Today is our dad's 65th birthday, or would have been if he had not died almost two years ago. It's a strange moment when you realize that your parents had lives before you, stranger still when those lives become distant and mysterious and, ultimately, unknowable. And, I suppose, even stranger when you never had a sense of those lives even as they intertwined with your own. From the time I was old enough to think things like this, I always thought of my father as a ghost in our lives.
I was a dark fourteen-year-old. Well, who wasn't?
If you've lost someone, you know that in the aftermath everything the person wore, touched, or looked upon becomes precious. Everything becomes a relic, and you want it all because that's what remains. Sometimes those things are enough, like the denim jacket that still smells like his cigarettes. Sometimes I think I could smell it forever.
But the physical items are more like snapshots than anything else. They might evoke a memory, which can be wonderful; they might be imbued with an essential quality of the person who once owned them, but they don't go beyond that. What you need are stories.

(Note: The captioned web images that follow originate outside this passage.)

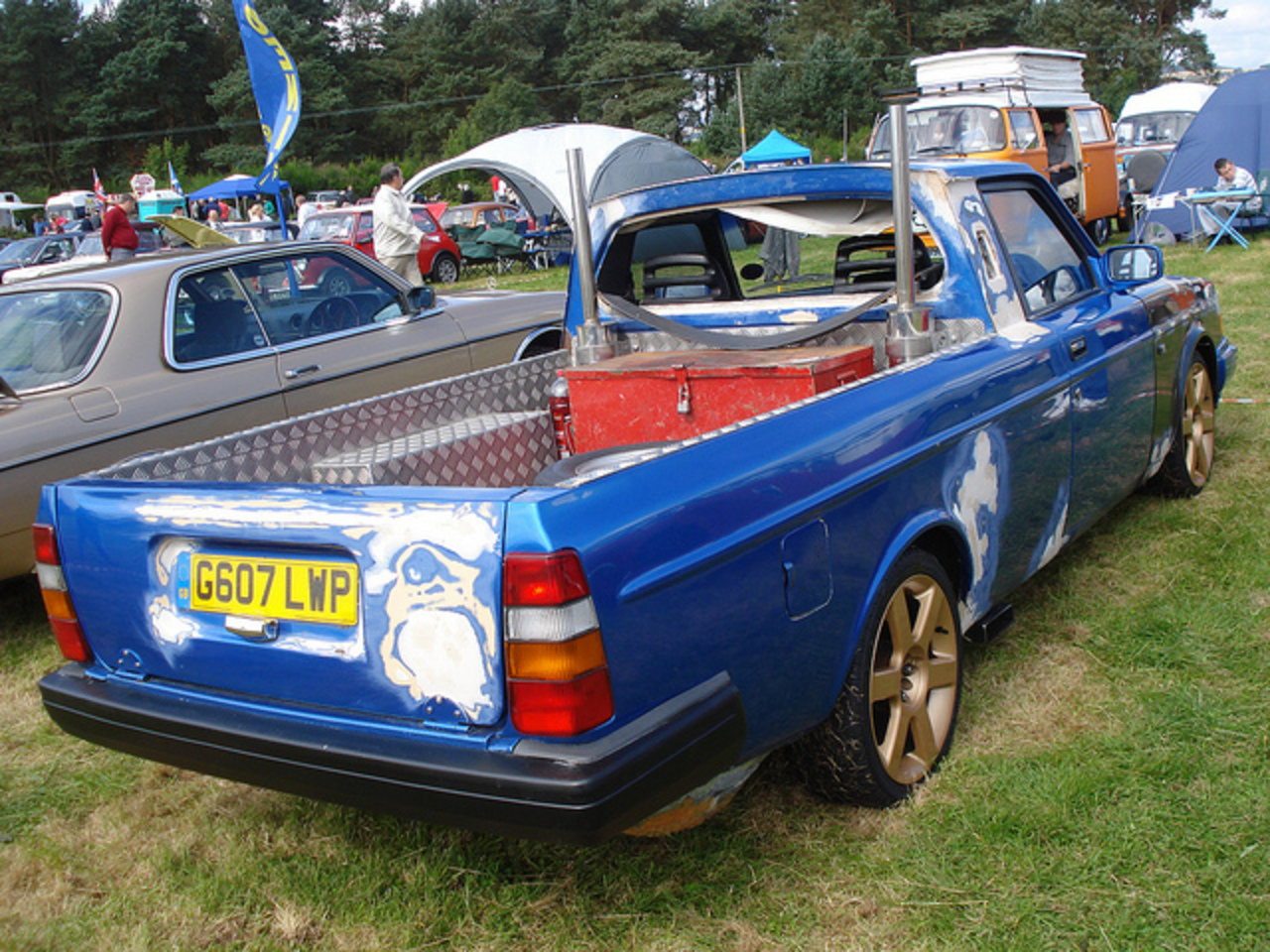 1989 Volvo 240 GLT Estate now Pick-up | Flickr - Photo Sharing!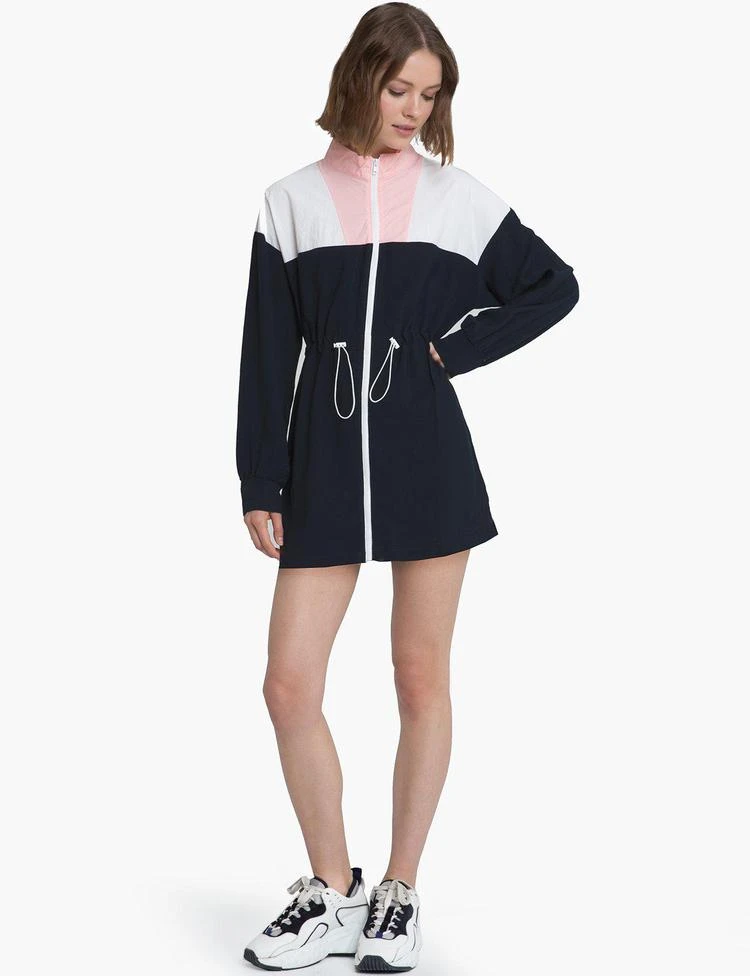 商品Pixie Market|Color Block Windbreaker Jacket Dress,价格¥873,第1张图片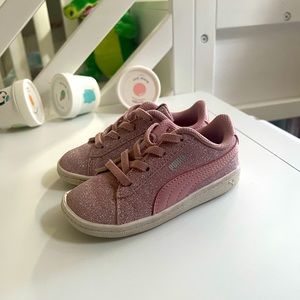 Little girl Puma’s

Unfortunately, there aren't many stories about my dad. I suppose people stop telling stories because they're too painful, or because they can't remember--because it's been 40 years and those moments didn't seem important at the time. Or maybe there are no good things left to tell. Maybe they want to hold something back. Maybe they don't see the point in telling. Or maybe we just haven't asked the right people. For whatever reason, what we have--this random information--is more than likely inflated, fragmented, mangled by our memories and the memories of others, utterly unverifiable.
Here's what I think I know:
He used the word capricious. He's been cross-country skiing. He was a cancer survivor. He answered his cell phone yo when his friends called. He would never have admitted they were his friends. He was an Army medic but never made it to Vietnam. He could make anything from a piece of wood. He had a brother who died at birth and who was meant to have his name. He worked on an oil rig in Louisiana. He skipped school, wrecked cars, smoked and drank. He wore cowboy boots whenever he wasn't in combat boots. He went white water rafting in Germany. He pointed a gun at a man during the race riots in DC. He crawled, with my mother, into a diamond mine run by two brothers in the South. He worked at the Pentagon. He advised generals. He often felt unworthy of praise. He had a pair of iguanas named Antony & Cleopatra. He smirked. He wore a pink tuxedo shirt on his wedding day.